* Task instructions *
An exact copy of the listing below is needed, with no pictures in it.

**** The data ****

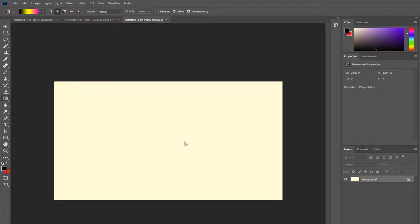Hello there and welcome to this video where we're looking at some of the basics in Photoshop. What we're going to be looking at today is combining the work from the previous two videos to create something a little bit more effective and cutting edge.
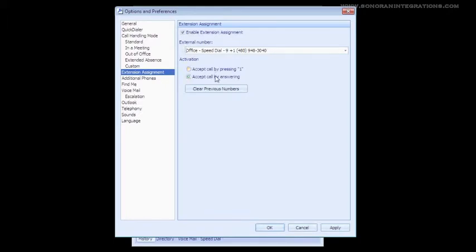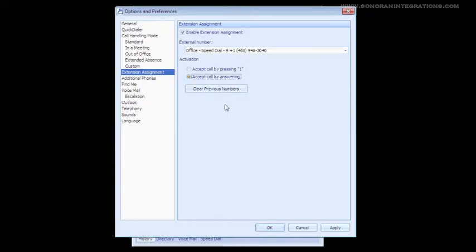The first option is Accept Call by pressing 1. If this option is chosen, the call will ring through to us and ask us to press 1 to accept the call, much like it does when using the Find Me feature. Our next option is to accept the call by answering. This option connects us to the call as soon as we answer our phone.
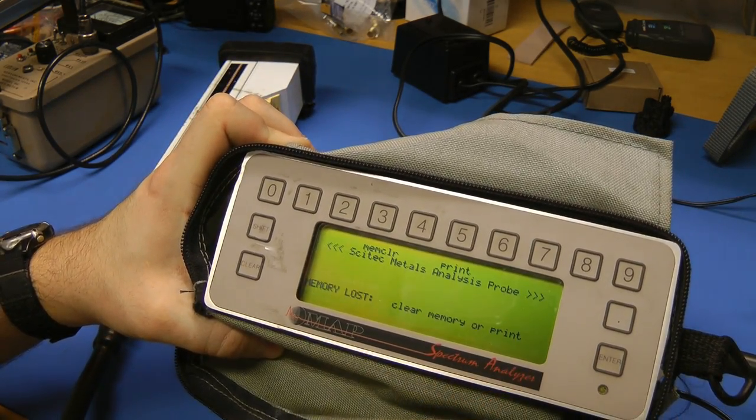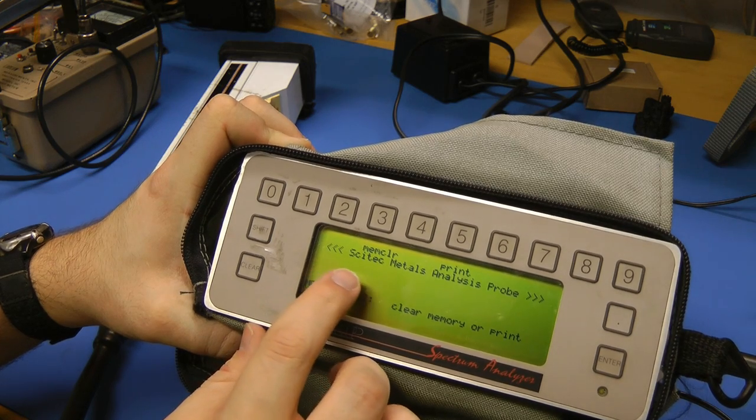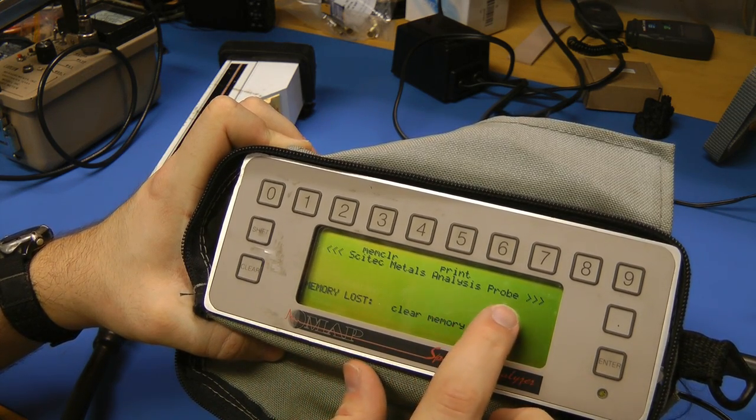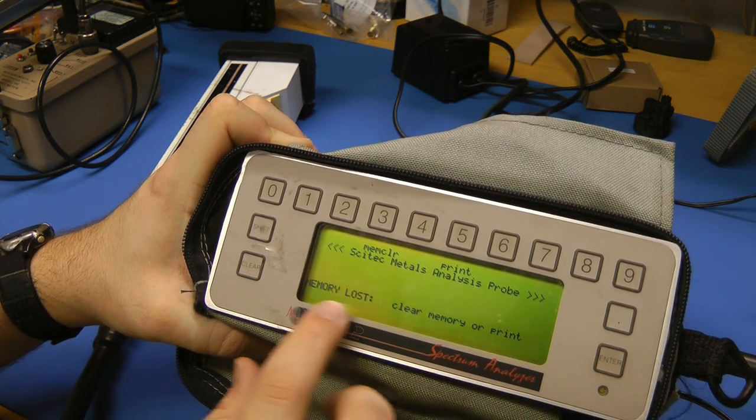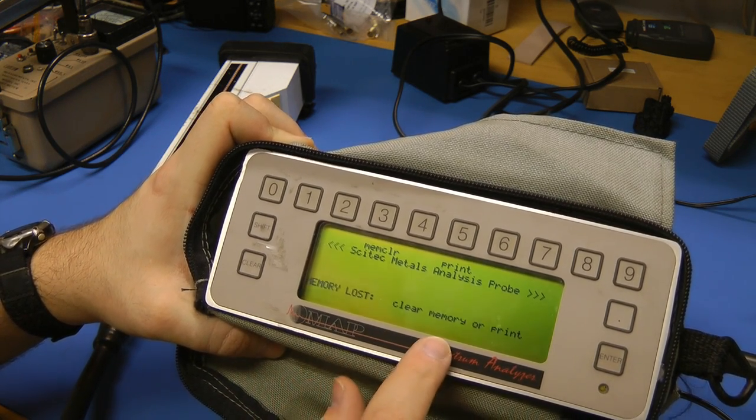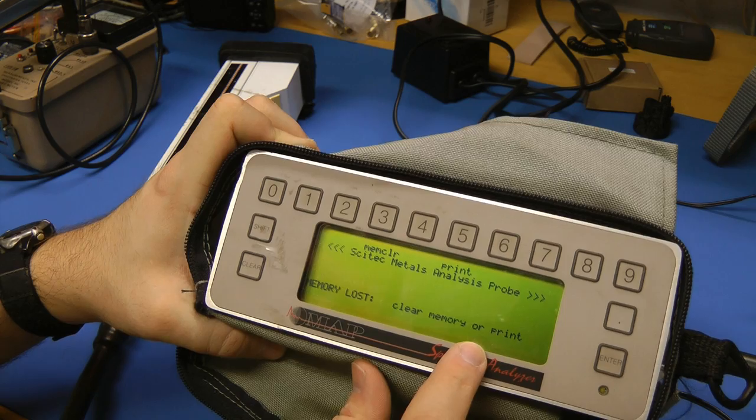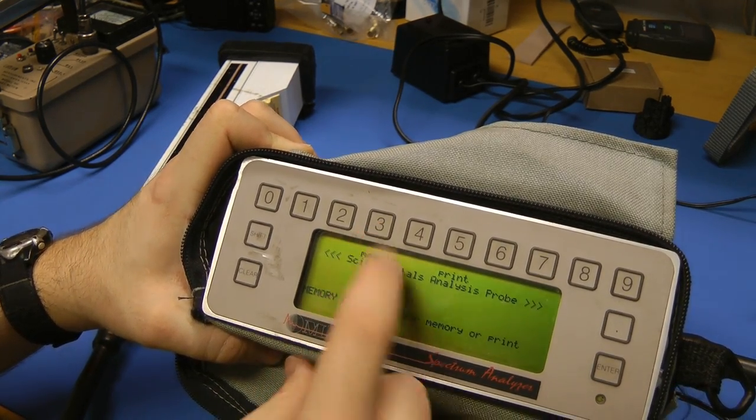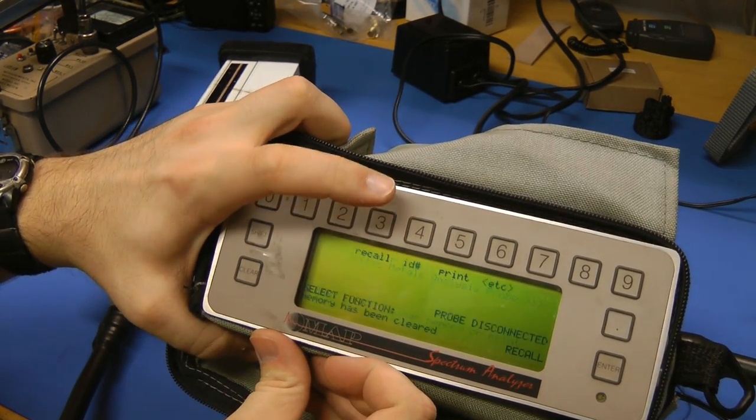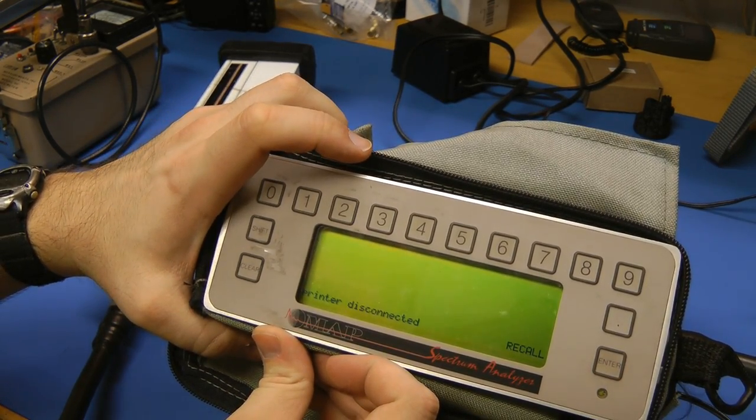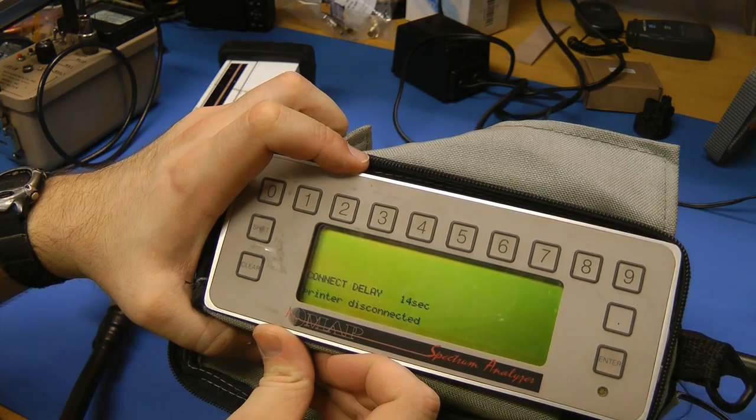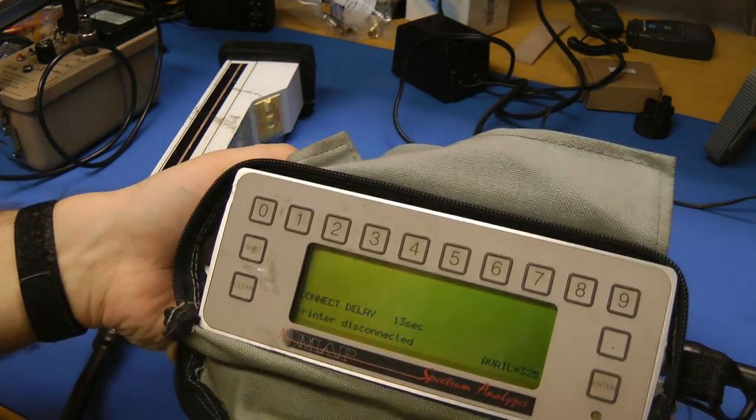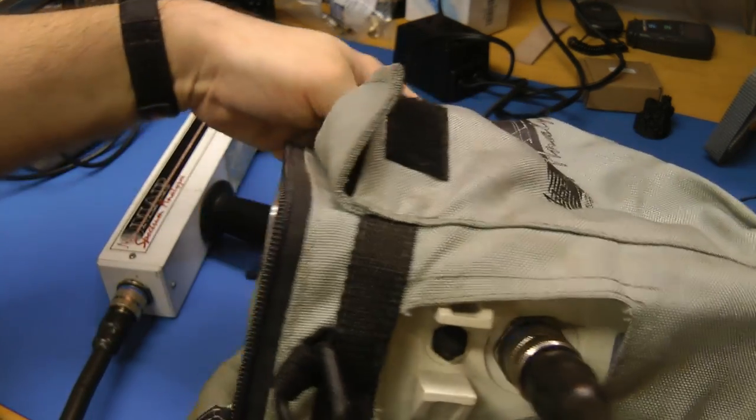SciTech materials, metals analysis probe. Memory loss, clear memory or print. Mem clear. Printer disconnected. So apparently you can connect a printer to this thing somewhere. I'm actually wondering where that is. That's probably somewhere on the inside of this fabric case thing.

****

* Answer to this exercise *
Hello there and welcome to this video where we're looking at some of the basics in Photoshop. What we're going to be looking at today is combining the work from the previous two videos to create something a little bit more effective and cutting edge.
The first option is Accept Call by pressing 1. If this option is chosen, the call will ring through to us and ask us to press 1 to accept the call, much like it does when using the Find Me feature. Our next option is to accept the call by answering. This option connects us to the call as soon as we answer our phone.
SciTech materials, metals analysis probe. Memory loss, clear memory or print. Mem clear. Printer disconnected. So apparently you can connect a printer to this thing somewhere. I'm actually wondering where that is. That's probably somewhere on the inside of this fabric case thing.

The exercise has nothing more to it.